So, you bought that painting half a year ago and you were quick to decide where to hang it; then why is it still standing on the floor leaning towards the wall?
And those new wooden panels you installed over a year ago, why haven’t they been painted yet?
And why didn’t you fix the gears on your bike? Or the creaky door hinge that bothers you so much?
These are examples of something that bugs you on a daily basis, but it doesn’t bug you enough to actually make you do something about it. Even though the amount of time and work you would have to invest is fairly small, you still don’t do it.
Then at some point – out of the blue – you overcome the obstacle and you fix ‘the bug’. It only takes you a couple of minutes, and then you’re done. Bug fixed.
This point is called ‘The Bug Factor’:
[WORK/TIME] << [IRRITATION/BUG] x [THE BUG FACTOR]
It is – in other words – a point in space and time where the irritation (or ‘bugginess’) is so much bigger than the work and time you have to invest (by the factor of ‘bug’) that it seems reasonable to fix the bug.

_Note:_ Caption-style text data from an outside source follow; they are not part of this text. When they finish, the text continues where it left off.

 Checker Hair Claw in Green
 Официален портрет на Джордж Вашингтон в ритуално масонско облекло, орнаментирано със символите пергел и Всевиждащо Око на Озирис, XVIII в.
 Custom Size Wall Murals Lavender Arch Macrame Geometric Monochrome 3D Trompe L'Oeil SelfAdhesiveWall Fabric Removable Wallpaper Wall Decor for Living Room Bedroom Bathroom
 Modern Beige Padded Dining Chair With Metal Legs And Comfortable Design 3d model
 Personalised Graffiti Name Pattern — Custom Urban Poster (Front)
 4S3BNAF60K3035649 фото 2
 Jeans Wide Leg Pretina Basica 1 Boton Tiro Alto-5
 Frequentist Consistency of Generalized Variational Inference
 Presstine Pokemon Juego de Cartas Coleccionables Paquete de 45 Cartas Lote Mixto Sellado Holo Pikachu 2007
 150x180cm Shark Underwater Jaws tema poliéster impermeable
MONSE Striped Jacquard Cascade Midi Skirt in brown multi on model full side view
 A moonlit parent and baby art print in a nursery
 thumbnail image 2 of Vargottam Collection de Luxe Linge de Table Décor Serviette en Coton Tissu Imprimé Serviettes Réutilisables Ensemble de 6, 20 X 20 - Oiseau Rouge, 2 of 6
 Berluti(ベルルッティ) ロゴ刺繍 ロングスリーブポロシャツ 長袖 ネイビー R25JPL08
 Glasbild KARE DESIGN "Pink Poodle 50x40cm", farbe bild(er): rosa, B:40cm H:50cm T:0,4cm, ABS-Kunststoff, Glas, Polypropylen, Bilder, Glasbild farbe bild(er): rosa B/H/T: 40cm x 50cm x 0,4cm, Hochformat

Since irritation builds over time, the bug factor also tells you how long you can expect a bug to remain unfixed.
Right, so how is this tranferred to product design? Not in any way particularly. But it’s strikingly often that you find yourself using a product that bugs you A LOT. Whether it’s a wine opener, a stereo, a printer, a hair dryer etc. you’re often never quite happy. Something bugs you. But – and this is the important part – it doesn’t bug you so much that you go out and replace the product! The product is, in other words, kept below ‘the bug factor’.
Now, a lot of companies actually meassure their products by this: they know they haven’t created a great product, in fact it’s barely good enough, but it’s below ‘the bug factor’ so they know that the consumers wont go out and replace it after they’ve bought it (and they will buy it thanks to all the marketing they’ve sacrificed on the product).
This is a consequence of rushed design processes and rushed go-to-market strategies – all of which is believed by a lot of people to be neccessary in order to make money and be succesfull.
Luckily not all companies think like this, and this is why it’s possible to find and buy bug free products.
More product design companies should make products that don’t bug us at all. They should make honest products that don’t pretend to be something they aren’t, that are easy to interpret and are easy to use. And they should make sure that this was the company backbone.